Los Angeles’ Corey Helford Gallery is currently preparing for their latest solo exhibit, The Remediators, by Boston-based painter and designer Josie Morway. A self-taught artist, Morway’s extremely detailed style of oil and enamel painting on wood panels combines the influence of Dutch Masters’ techniques, religious icon paintings, and hyper-modern color and design elements, to create paintings that have been described as “votive cave paintings from the distant future.” The wildlife in Morway’s work is portrayed with an intense reverence that escalates to surreality, creating paintings that are both politically charged and ethereally poetic.

In creating her show The Remediators (featuring ten substantial pieces (ranging from 16”x20" to 36”x48") and four smaller works (8”x10"), Morway has been thinking with increasing urgency about threats to the natural world. “I have a deep love for wildlife,” she says, “and an acute terror about the increasing imbalances in our ecosystems and the cavalier destruction caused by human industry.
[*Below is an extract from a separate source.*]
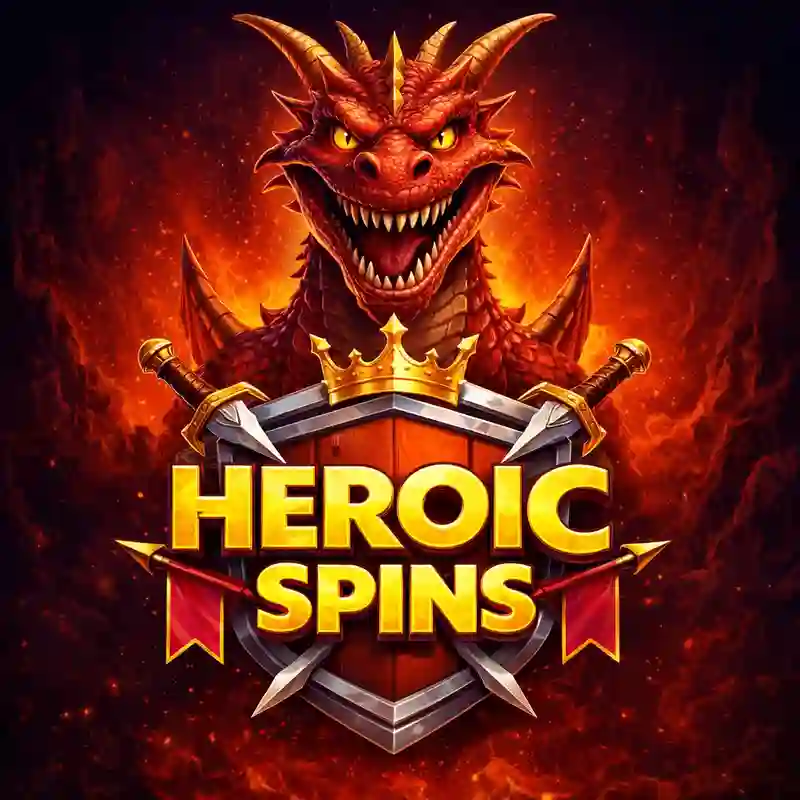 Heroic Spin Slot Game - Pagtaya Casino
I’m always seeking to address these concerns in my work, and I’ve started including more explicit references to threats in my compositions, but I find I’m constitutionally unable to portray my animals in a state of despair or diminishment. Instead, I feel compelled to give my subjects the gift of a sort of supernatural resiliency.”

Inspired by research into processes of bioremediation – by which plants, animals or microorganisms break down contamination in soil or water, Morway’s new paintings portray a new system by which nature might respond to crisis. This is a world in which flora and fauna are intertwined in a dance that seems by turns inspiring and disturbing, suggestive of symbiosis or entanglement, adaptation or mutation.

She adds, “I think of these paintings as somewhat talismanic, and the stranger elements are also my attempt to arrest the viewer, my plea for attention, reflection, respect. The creatures here have almost magical powers of transformation and protection, though what exactly they’re transforming into is unclear. Nature is changing, for sure, and we should never be complacent about what that change may mean.”